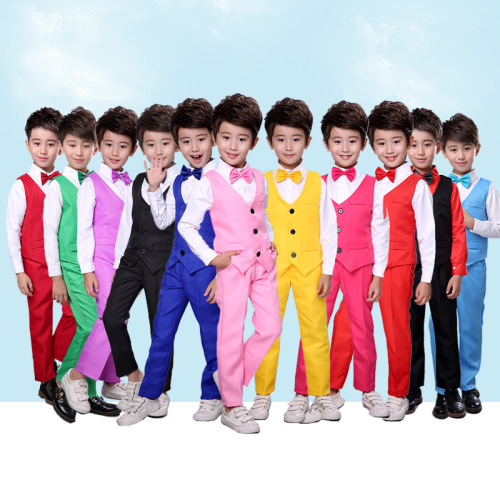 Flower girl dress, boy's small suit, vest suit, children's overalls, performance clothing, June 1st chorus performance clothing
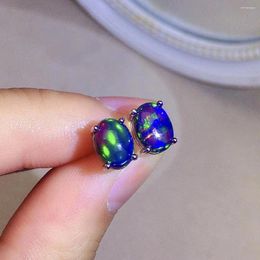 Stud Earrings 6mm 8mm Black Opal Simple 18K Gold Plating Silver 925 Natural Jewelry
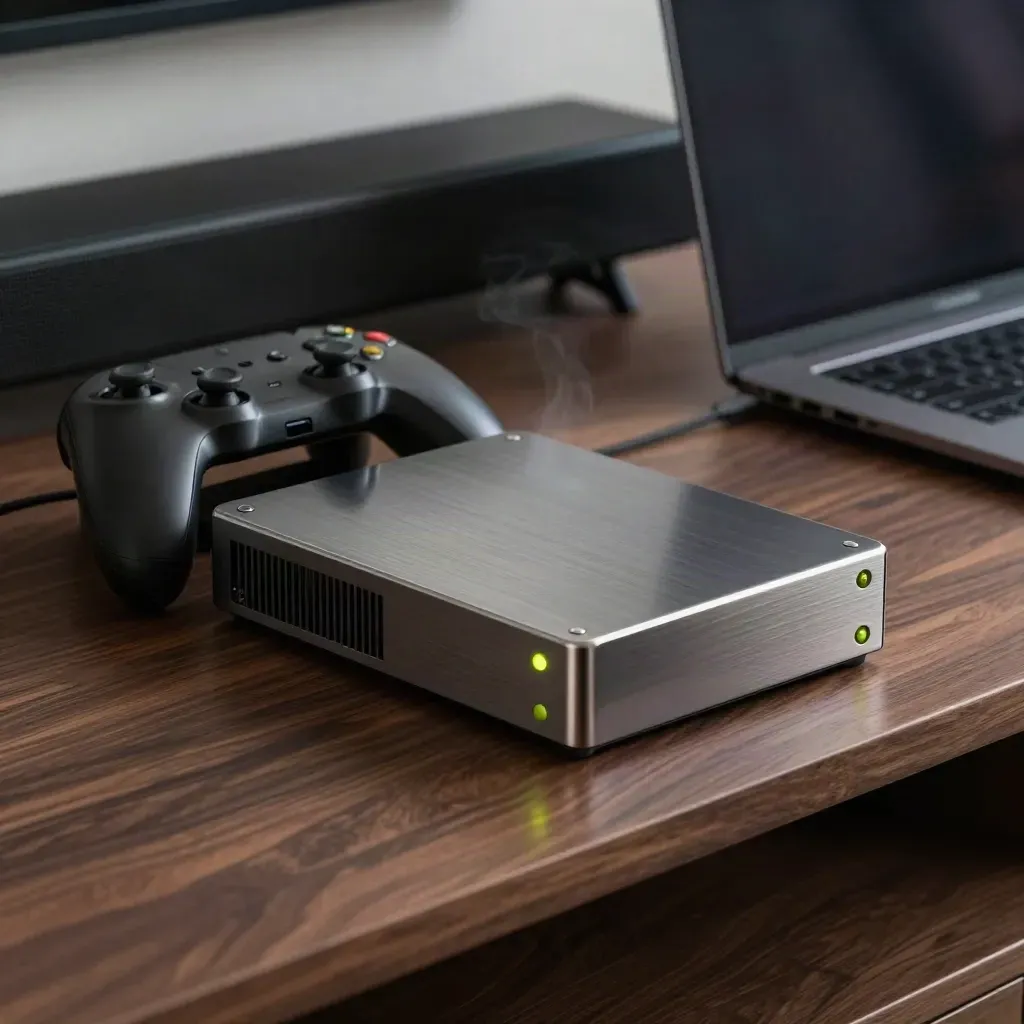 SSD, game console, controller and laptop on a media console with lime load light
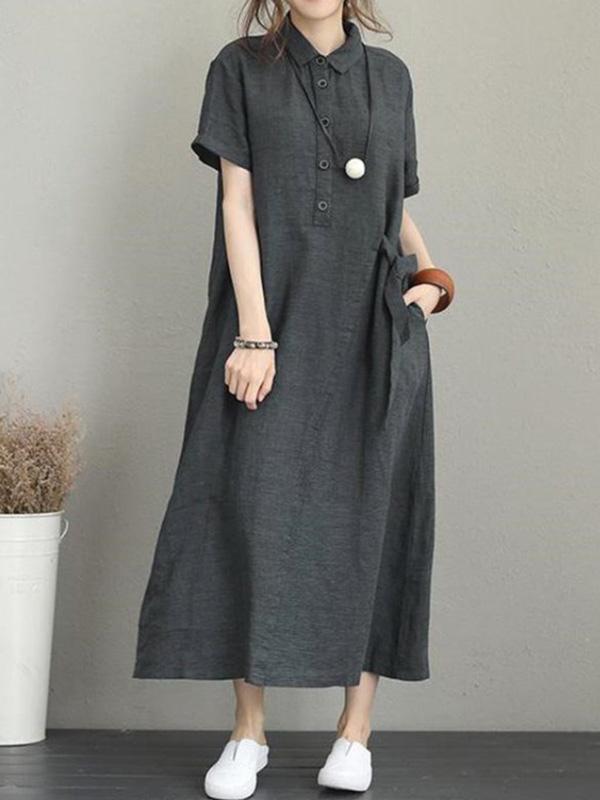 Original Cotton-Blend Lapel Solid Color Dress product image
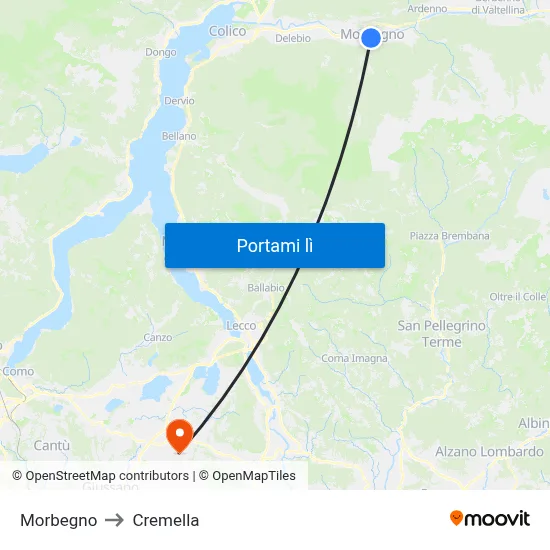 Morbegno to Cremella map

--

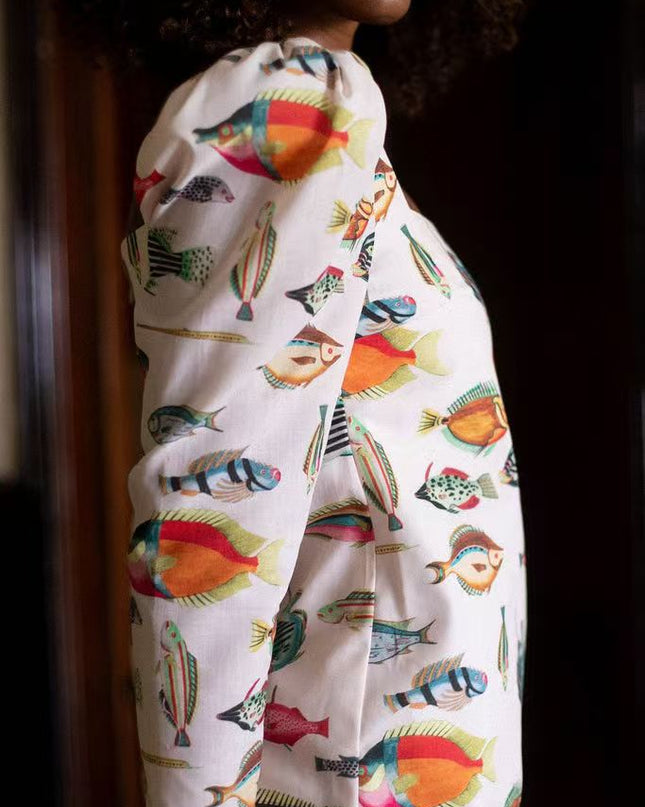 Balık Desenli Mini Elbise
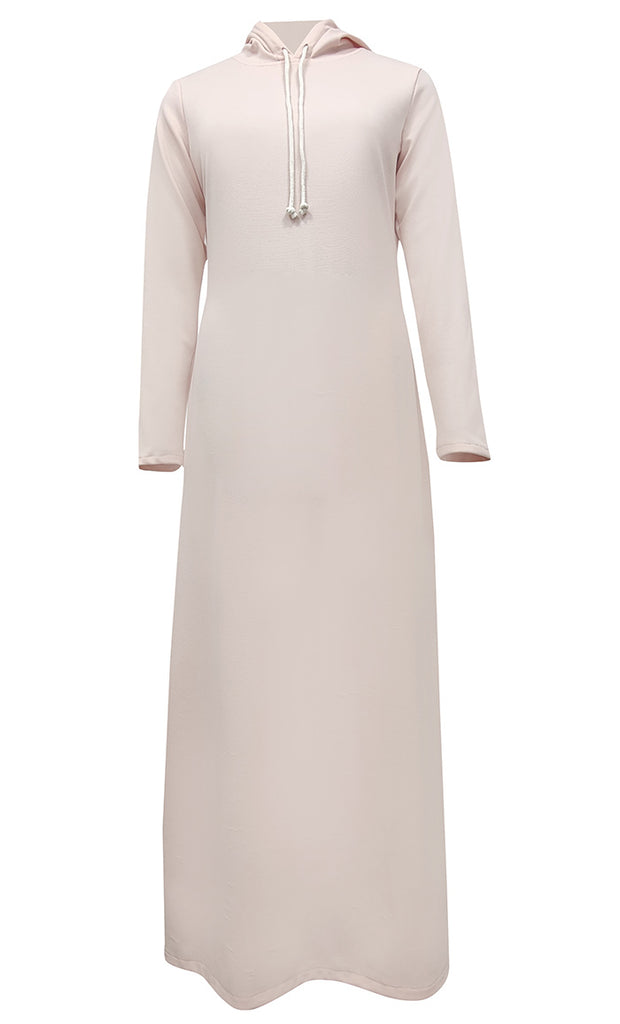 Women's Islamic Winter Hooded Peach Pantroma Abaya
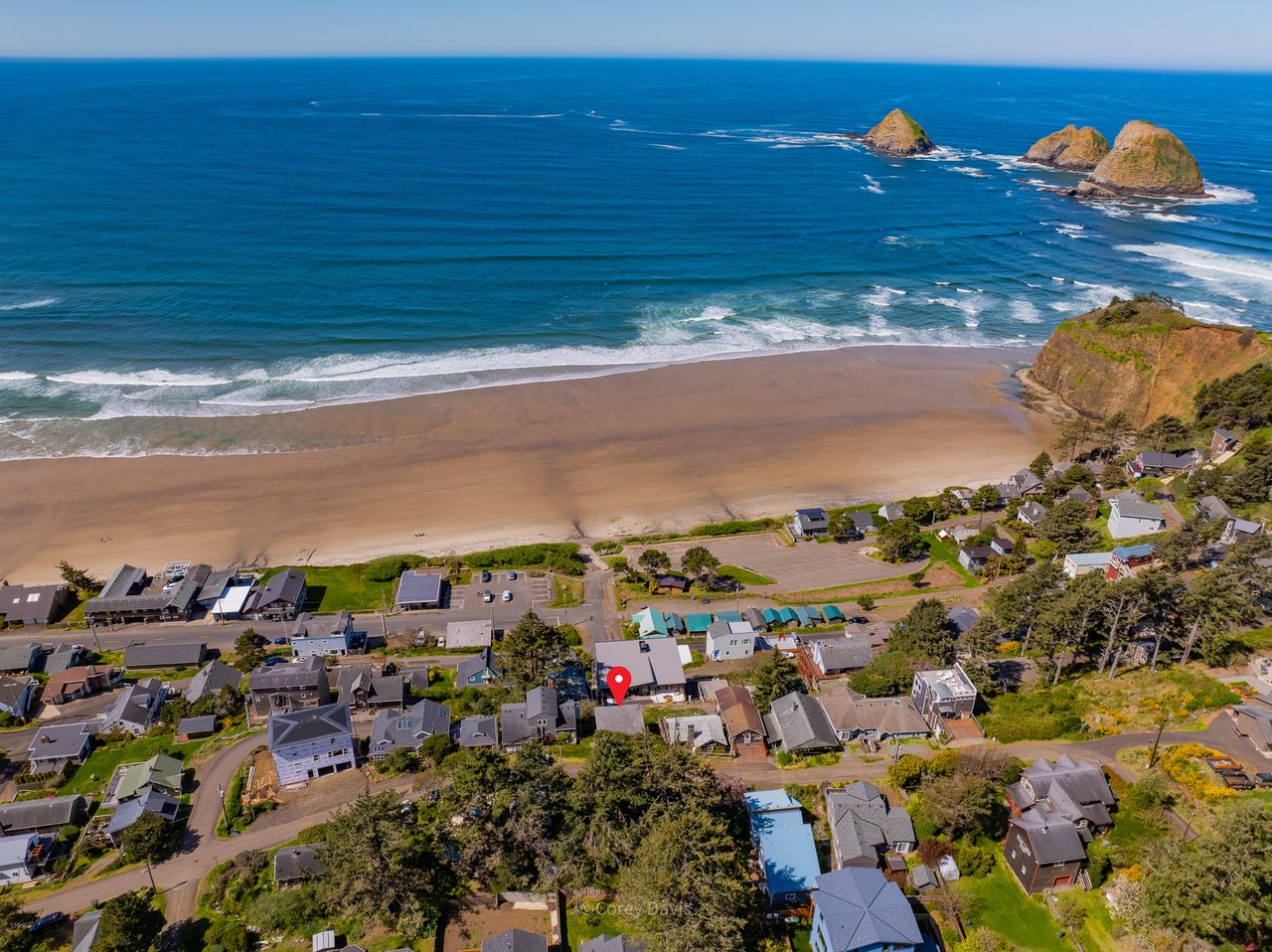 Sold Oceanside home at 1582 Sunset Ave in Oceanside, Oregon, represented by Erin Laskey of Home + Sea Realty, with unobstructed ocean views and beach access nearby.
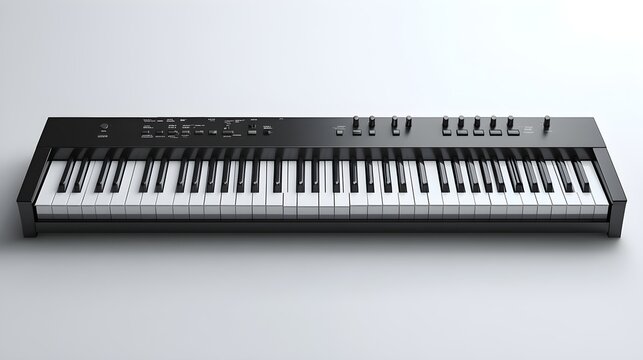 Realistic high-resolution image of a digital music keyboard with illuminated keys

* * *

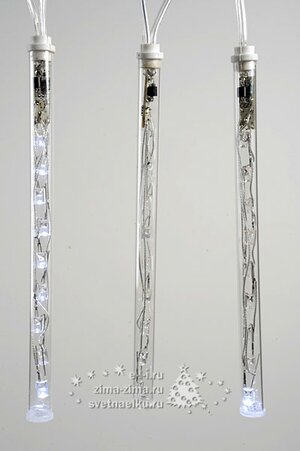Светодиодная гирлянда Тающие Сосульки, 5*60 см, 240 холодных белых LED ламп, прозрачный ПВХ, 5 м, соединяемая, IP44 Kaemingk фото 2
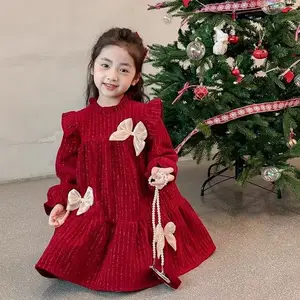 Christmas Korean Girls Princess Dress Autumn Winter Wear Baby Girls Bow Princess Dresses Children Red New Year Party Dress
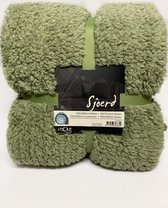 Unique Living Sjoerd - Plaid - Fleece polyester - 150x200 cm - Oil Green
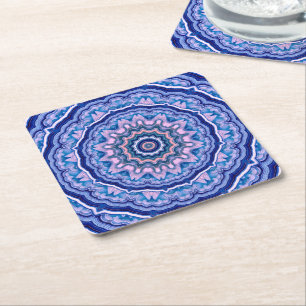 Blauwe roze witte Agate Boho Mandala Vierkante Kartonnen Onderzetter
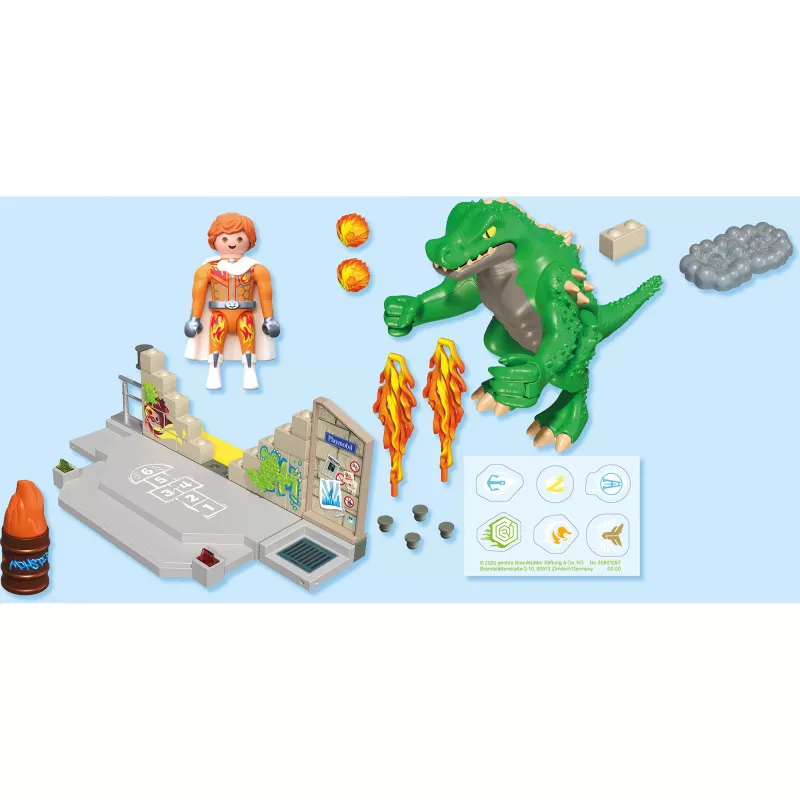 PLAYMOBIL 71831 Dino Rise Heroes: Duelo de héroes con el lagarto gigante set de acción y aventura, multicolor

Description of the task —
With the pictures omitted, copy exactly the lines of the listing above starting at the line containing "Unique Living Sjoerd" and ending at the line containing "PLAYMOBIL 71831 Dino", both included.

Exercise result —
 Unique Living Sjoerd - Plaid - Fleece polyester - 150x200 cm - Oil Green
 Blauwe roze witte Agate Boho Mandala Vierkante Kartonnen Onderzetter
 PLAYMOBIL 71831 Dino Rise Heroes: Duelo de héroes con el lagarto gigante set de acción y aventura, multicolor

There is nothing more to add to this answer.